Kars Akyaka

Kars Akyaka

Akyaka, Kars il merkezine 63 km uzaklıktadır. Akyaka, Arpaçay arası uzaklık: 35 km.

TARİHİ

Önceki ismi “Kızılçakmak” olan ilçe, 1534 yılında Osmanlı topraklarına katılmıştır. 1877-1878 yılları arasında Osmanlı-Rus savaşı sonunda Rus işgaline uğramıştır. 1917 yılında Rus işgali biter. Ancak Ermeni işgali devam eder.

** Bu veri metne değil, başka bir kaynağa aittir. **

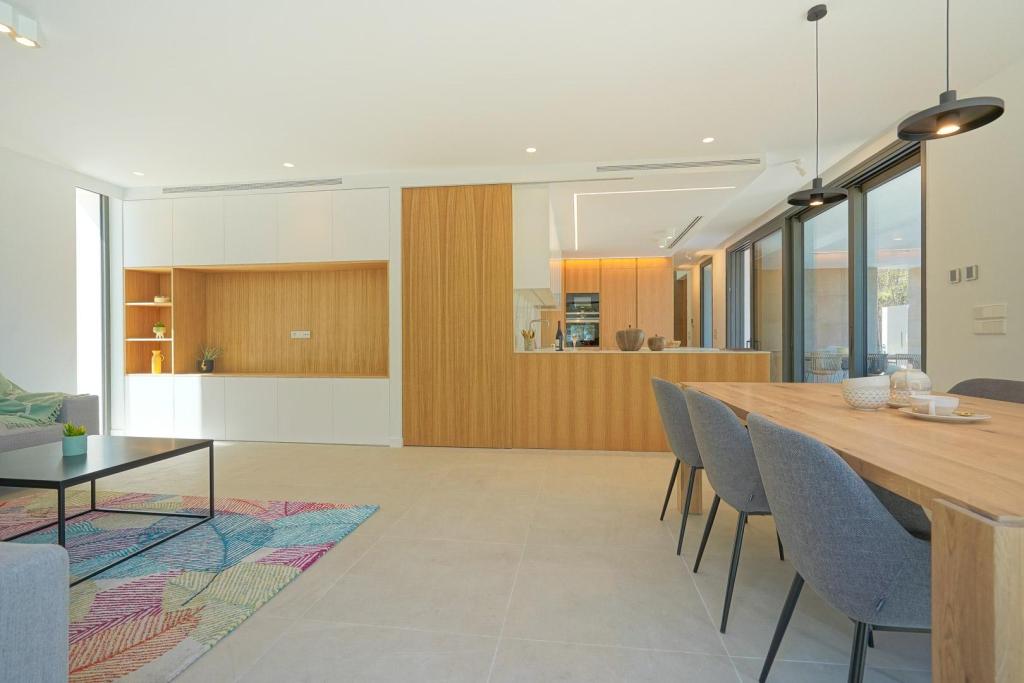 4 bed villa in Moraira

İlçe, 3 Kasım 1920 tarihinde ise, Kazım Karabekir Paşa komutasındaki Türk ordusu tarafından kurtarılmıştır. 1926 yılında Bucak statüsünü kazan ilçe, Arpaçay ilçesine bağlanmıştır. 1961 yılında ise Kızılçakmak ismi değiştirilmiş ve “Akyaka” olmuştur. 1972 yılında Belediye teşkilatı kurulmuştur. 1988 yılında ise ilçe teşkilatı kurulmuştur.

Kars Akyaka

GENEL

İlçe Kars ilinin en kuzey ucundadır. İlçenin doğusunda Ermenistan vardır ve sınır hattı 52 km dir. Ermenistan ile ilgili Doğu Sınır Kapısına uzaklık ise 13 km dir. İlçenin rakımı 1477 metredir. Geniş düzlükler ve boz kırlara sahiptir. Karahan çayı, ilçeden geçerek Ermenistan sınırında bulunan Arpaçay barajına dökülür. Yörede karasal iklim olmasına rağmen, barajlar nedeniyle yer yer Karadeniz iklimi de görülür. Sert kış mevsimleri geçmişte kalmıştır.

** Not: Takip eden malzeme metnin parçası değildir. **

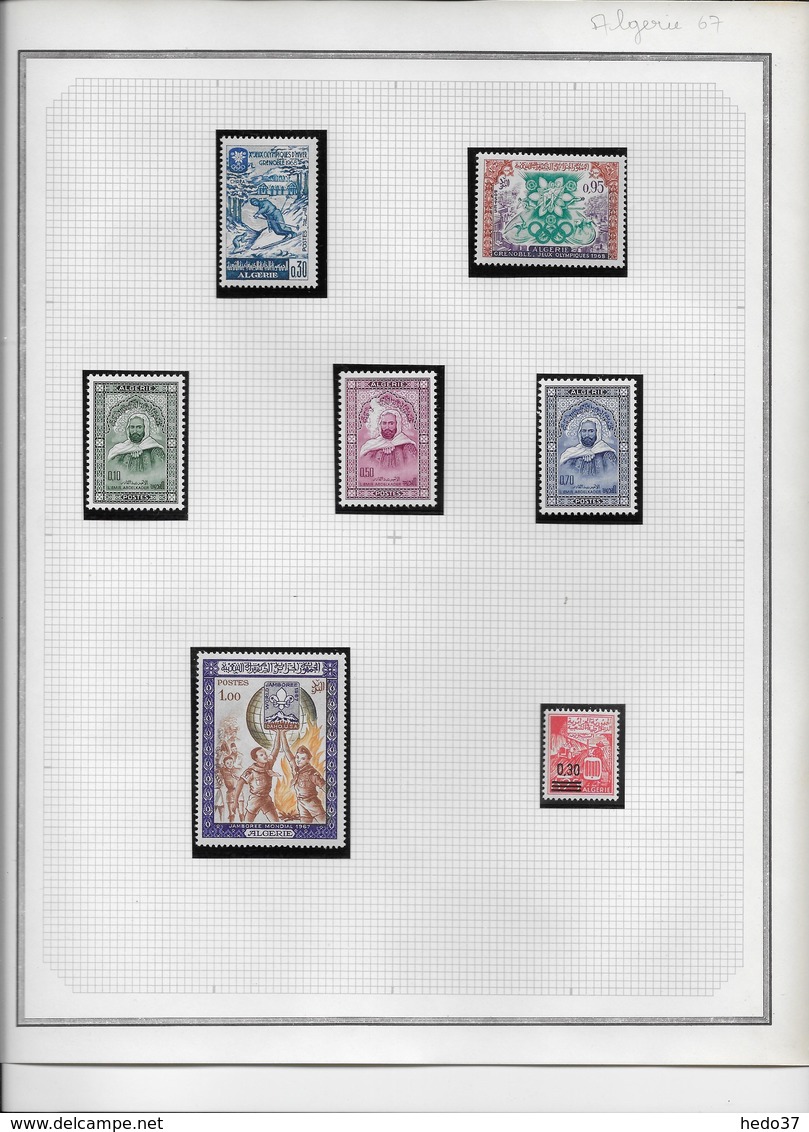 Algérie - Collection Vendue Page Par Page - Timbres Neufs ** Sans Charnière - TB - Algérie (1962-...)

AKYAKA TARIM HAYVANCILIK VE KÜLTÜR FESTİVALİ

Akyaka Kaymakamlığı ve Belediyesi tarafında organize edilen festivalde, ilçenin önemli gelir kaynaklarının arttırılması ve hayvancılığın geliştirilmesi hedefleniyor. Etkinlikte “Tarım ve Hayvancılık” konulu konferanslar veriliyor. Ayrıca Sulama Birliği Bahçesinde: en iyi buzağı yetiştiricisi, en iyi süt ineği yetiştiricisi, en iyi boğa yetiştiricisi ve en iyi pancar yetiştiricisi dallarında yarışmalar düzenleniyor. Ayrıca buzağı güzellik yarışması yapılıyor ve kazananlara ödüller veriliyor.

GEZİLECEK YERLER

ANİ KENTİ HARABELERİ

Ani kenti harabeleriyle ilgili ayrıntılı gezi yazım, yine bu sitede “Ani” ismi altında bulunmaktadır.

Kars Akyaka

KIZ KALESİ-TİGNİS KALESİ

İlçe merkezine bağlı Tignis (Kalkankale) köyündedir. Kale sınıra 3 km uzaklıktadır. Karahan çayını seyreden bir konumdadır. Ermenistan sınırına ve Doğu kapıya oldukça yakındır. Köye hakim bir tepede bulunan kale, muhtemelen I. Smpad Pakraduni (890-914) döneminde yaptırılmıştır.

Kars Akyaka

Kalenin en büyük özelliği, Ani ören yerindeki kale ile aynı dönemde yapılmış olmasıdır. 20’nci yüzyıl başına kadar sağlam gelen kale, günümüzde ise harap haldedir.

Kars Akyaka

TARİHİ TREN GARI

İlçe merkezindeki tarihi gar binası, İstasyon mahallesinde İstasyon caddesi üzerinde, postane ve polis karakolu yakınlarındadır. Gar binası, 1899 yılında Rus Transkafkasya demiryolu tarafından inşa edilmiştir. Yapıldığı dönemdeki ismi Şöregel istasyonudur.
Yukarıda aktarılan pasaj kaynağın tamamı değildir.